Impossibilidade de se divertir
De acordo com o Jornal do Commercio (RJ), de 12 de janeiro de 1890, o Sr. Dr. chefe de polícia expediu aos subdelegados as seguintes circulares:
"Recomendo que, ao encontrarem qualquer indivíduo em estado de embriaguez manifesta em lugar público, lavrem o competente auto de flagrante por transgressão do art. 396 do Código Penal. Em seguida, apresentem o indivíduo ao respectivo pretor, acompanhado do auto e de duas testemunhas, para que o competente processo seja instaurado."

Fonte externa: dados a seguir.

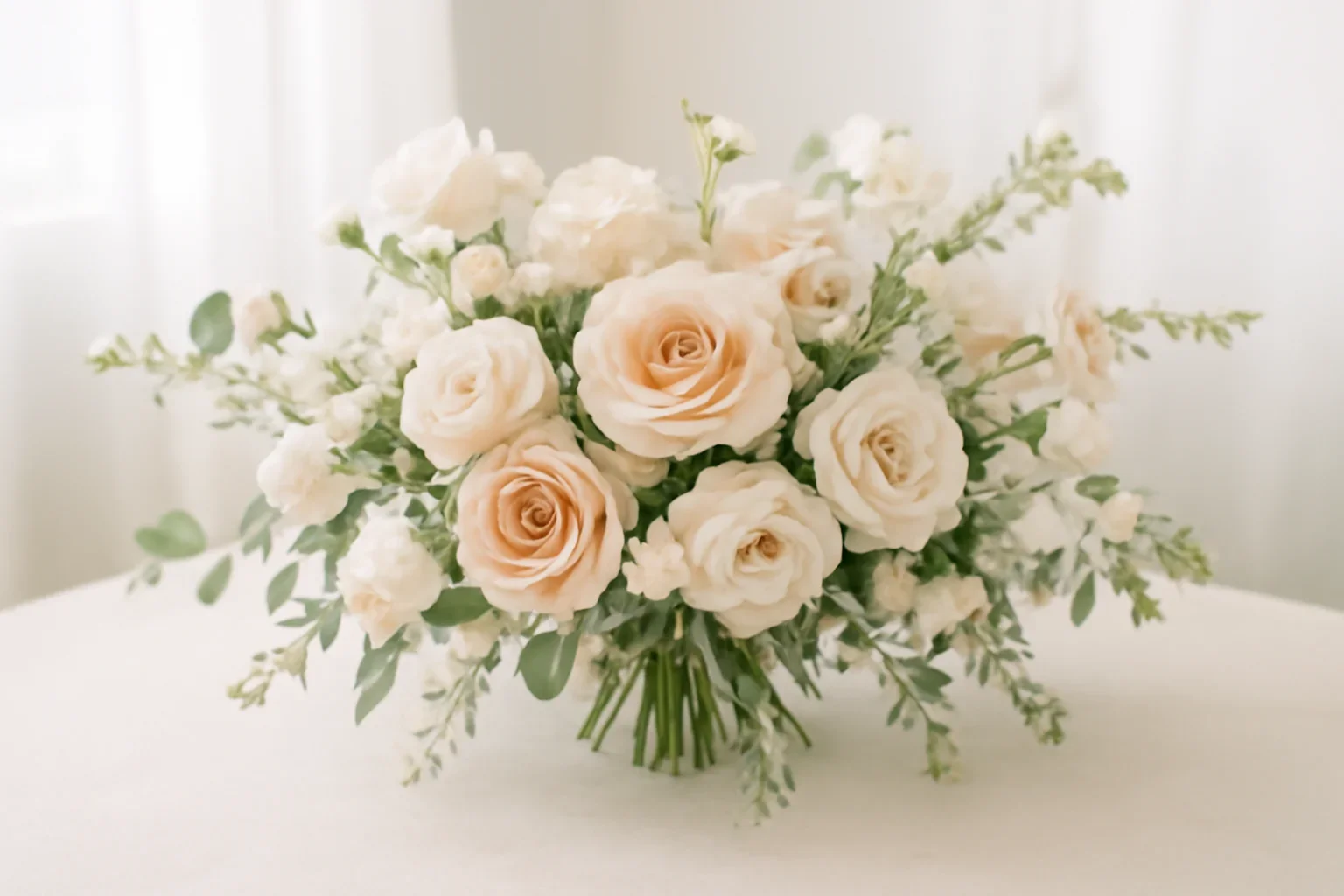 South Tampa Wedding Florist floral design detail for a Tampa wedding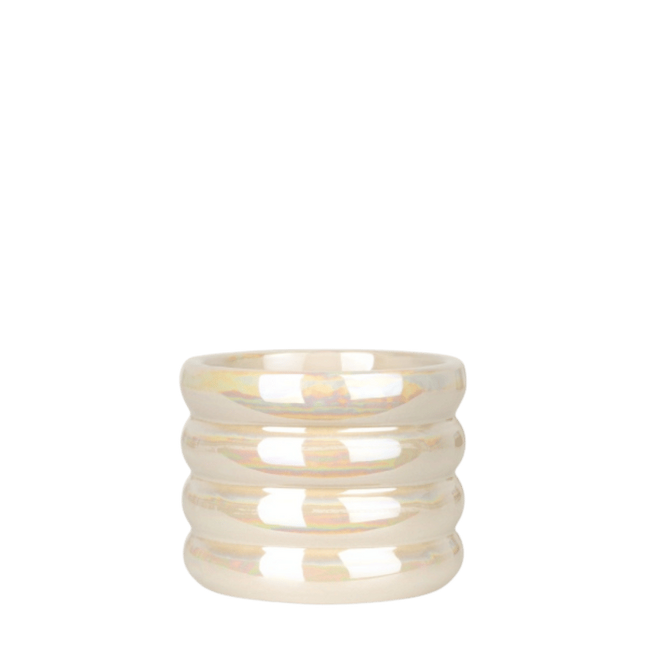 Kolibri Home | Glow sierpot - Travertine - Ø6cm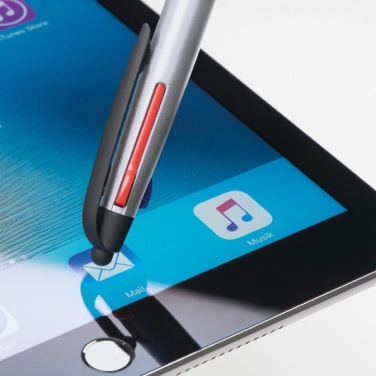 Logotrade promotional giveaways photo of: Plastic ballpen 3in1 BOGOTA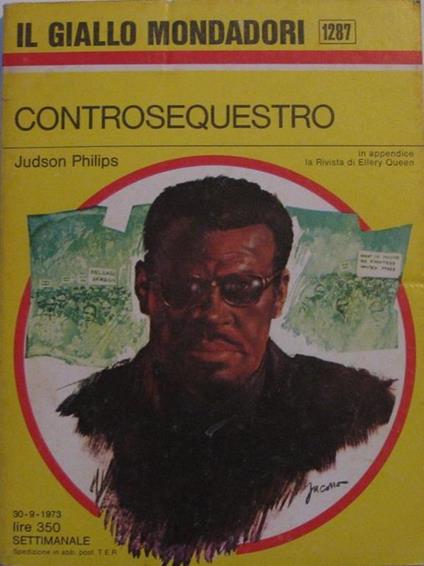 Controsequestro - Judson Philips - copertina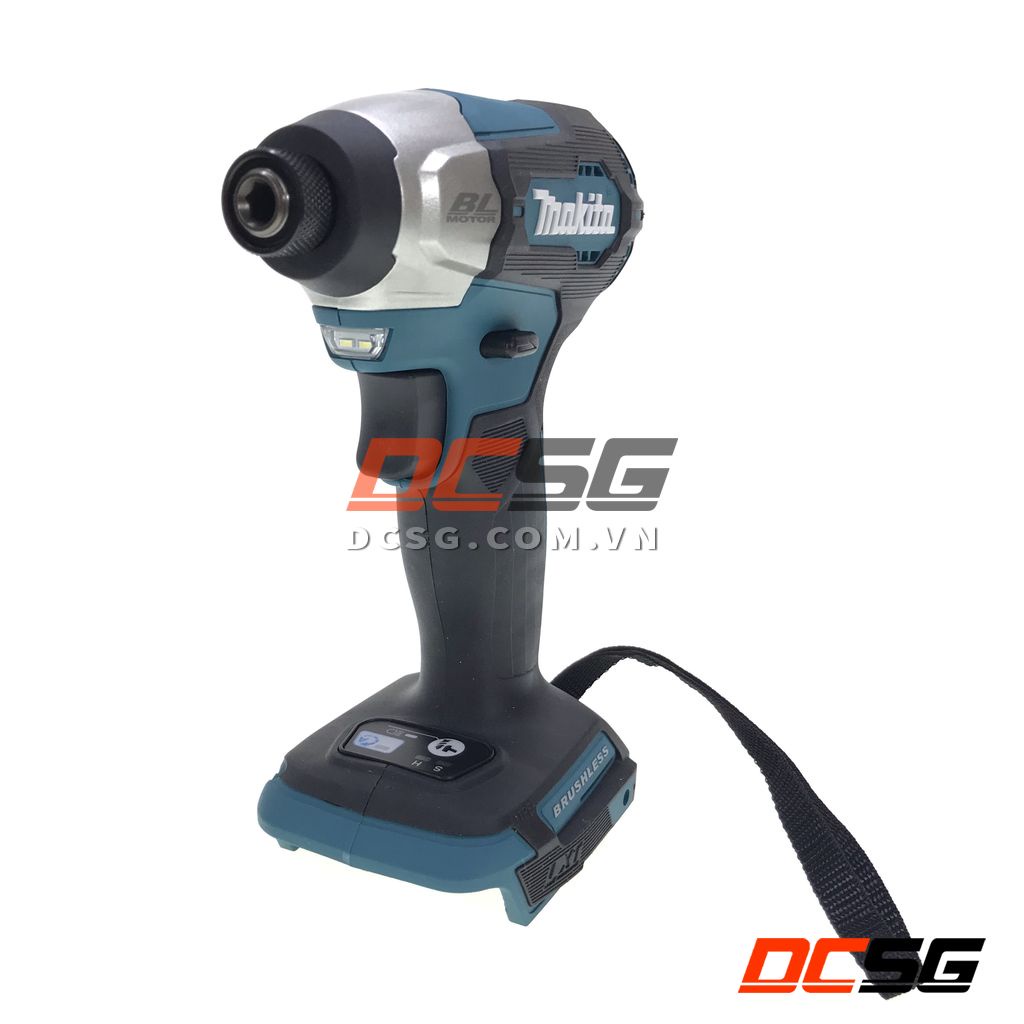 Máy vặn vít dùng pin 18V Makita DTD157Z (thân máy) | DCSG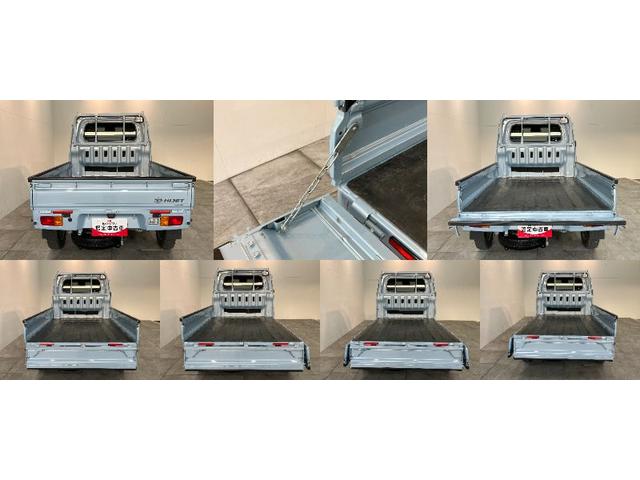 ハイゼットトラックエクストラＳＡ３ｔ　４ＷＤ　ＡＴ車　荷台作業灯　車検整備付衝突被害軽減ブレーキ　パートタイム４ＷＤ　ＡＴ車　ＣＤステレオ　キーレス　パワーウインドウ　オートライト　マニュアルエアコン　マニュアルレベリング　荷台作業灯　４枚リーフスプリン（滋賀県）の中古車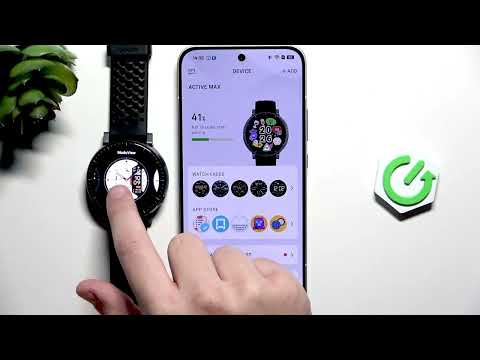 AMAZFIT Active Max – How to Change Watch Faces & Customize Complications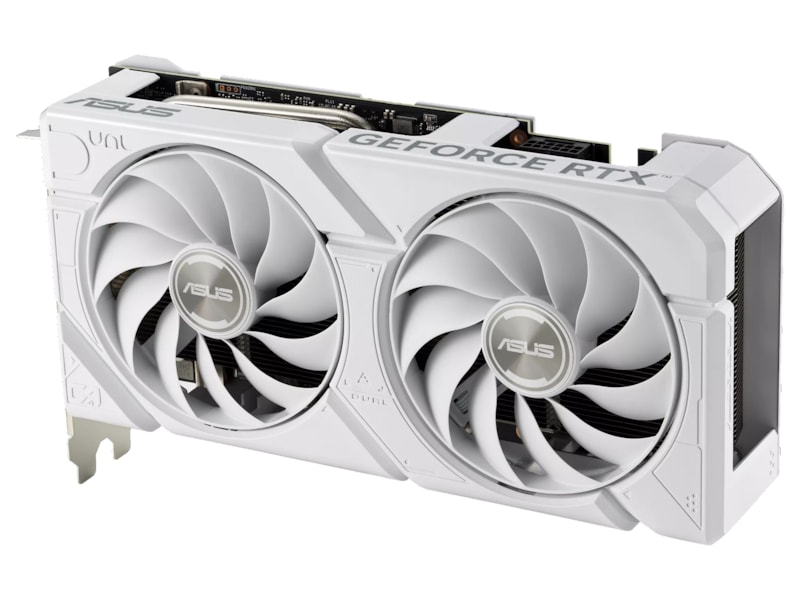 Asus Dual GeForce RTX 4070 SUPER EVO OC (hvit) Skjermkort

"Além disso, em vista do aviso do Ministério da Justiça de 6 do corrente mês, e com o objetivo de reprimir a crescente vadiagem nesta cidade, reitero a recomendação feita na minha circular nº 12236, de 30 de dezembro último, para que seja lavrado o auto competente contra vadios, vagabundos e capoeiras que forem levados à vossa presença. Após isso, conduzam os acusados, bem como as testemunhas, quando houver, à junta correcional, se esta estiver reunida, ou ao pretor, nos termos dos arts. 399 e 401 do Código Penal."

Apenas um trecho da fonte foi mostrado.